Transformer Model Pretraining and Fine-Tuning

This repository provides scripts for pretraining, fine-tuning, and evaluating transformer models on datasets such as CoLA, SST-2, QQP, MRPC, QNLI, RTE, IMDB, and Yelp.

Setup

Install dependencies with:

pip install -r requirements.txt

Pretraining

To pretrain a model, use the train.py script:

python train.py --model_size {1m|33m} --num_generations 40 --num_stories 1000000 --batch_size 2000

--model_size: Choose "1m" or "33m".
--num_generations, --num_stories, --batch_size: Configure the pretraining.

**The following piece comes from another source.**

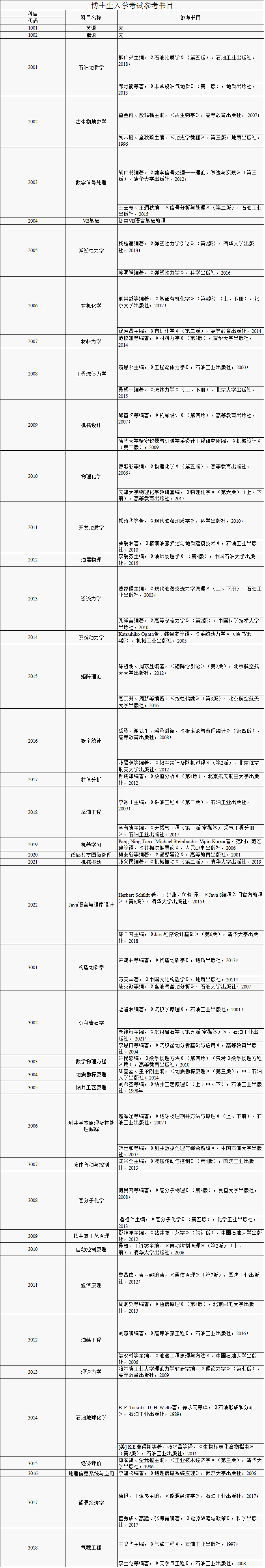 中国石油勘探开发研究院2022年博士研究生招生考试参考书目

Fine-Tuning and Evaluation

Use run_experiment.py to fine-tune and evaluate models:

python run_experiment.py --dataset <dataset_name> --fine_tune_dir <dir> --eval_results_dir <dir> --pretrained_models_dir <dir> --tokenizer_path <path> --num_generations 40

--dataset: Dataset to use (cola, sst2, qqp, etc.).
--fine_tune_dir, --eval_results_dir, --pretrained_models_dir, --tokenizer_path: Specify paths.
--num_generations: Number of fine-tuning generations.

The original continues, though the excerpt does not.